The basic data types in a GIS reflects traditional data found on a map. Accordingly, GIS technology utilizes two basic types of data. These are :

Spatial data

describes the absolute and relative location of geographic features.

Attribute data

describes characteristics of the spatial features. These characteristics can be quantitative and/or qualitative in nature. Attribute data is often referred to as tabular data.

The coordinate location of a forestry stand would be spatial data, while the characteristics of that forestry stand, e.g. cover group, dominant species, crown closure, height, etc., would be attribute data. Other data types, in particular image and multimedia data, are becoming more prevalent with changing technology. Depending on the specific content of the data, image data may be considered either spatial, e.g. photographs, animation, movies, etc., or attribute, e.g. sound, descriptions, narration’s, etc.

Spatial Data Models

Traditionally spatial data has been stored and presented in the form of a map. Three basic types of spatial data models have evolved for storing geographic data digitally. These are referred to as :

Vector;
Raster; and
Image.

The following diagram reflects the two primary spatial data encoding techniques. These are vector and raster. Image data utilizes techniques very similar to raster data, however typically lacks the internal formats required for analysis and modeling of the data. Images reflects pictures or photographs of the landscape.

Vector Data Formats

All spatial data models are approaches for storing the spatial location of geographic features in a database. Vector storage implies the use of vectors (directional lines) to represent a geographic feature. Vector data is characterized by the use of sequential points or vertices to define a linear segment. Each vertex consists of an X coordinate and a Y coordinate.

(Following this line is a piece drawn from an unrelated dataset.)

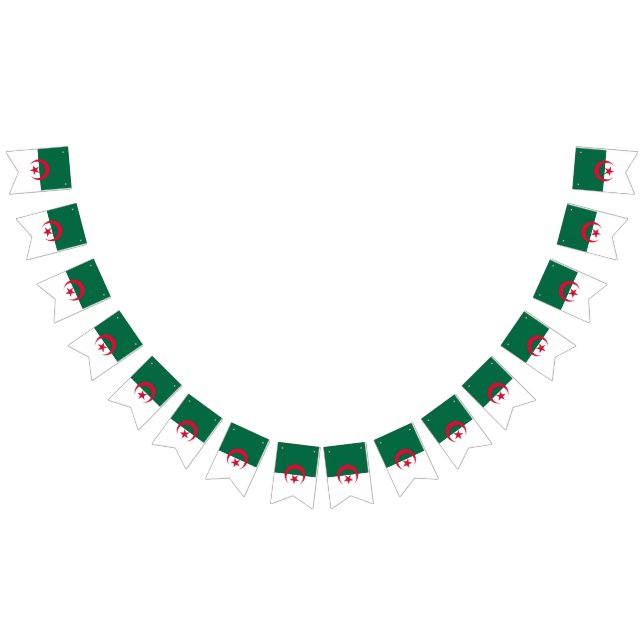Algerien Wimpelkette (Alle)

Vector lines are often referred to as arcs and consist of a string of vertices terminated by a node. A node is defined as a vertex that starts or ends an arc segment. Point features are defined by one coordinate pair, a vertex. Polygonal features are defined by a set of closed coordinate pairs. In vector representation, the storage of the vertices for each feature is important, as well as the connectivity between features, e.g. the sharing of common vertices where features connect.

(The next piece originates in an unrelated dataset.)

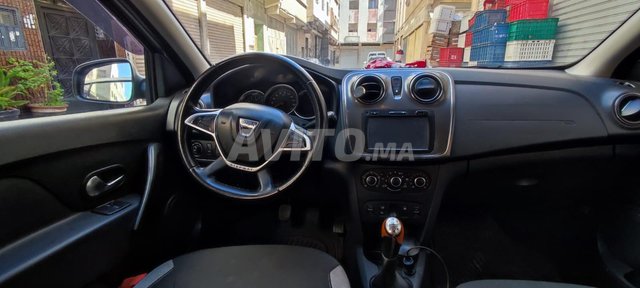 Dacia sandero_stepway occasion Diesel Modèle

Several different vector data models exist, however only two are commonly used in GIS data storage.

The most popular method of retaining spatial relationships among features is to explicitly record adjacency information in what is known as the topologic data model. Topology is a mathematical concept that has its basis in the principles of feature adjacency and connectivity.

The topologic data structure is often referred to as an intelligent data structure because spatial relationships between geographic features are easily derived when using them. Primarily for this reason the topologic model is the dominant vector data structure currently used in GIS technology. Many of the complex data analysis functions cannot effectively be undertaken without a topologic vector data structure. Topology is reviewed in greater detail later on in the book.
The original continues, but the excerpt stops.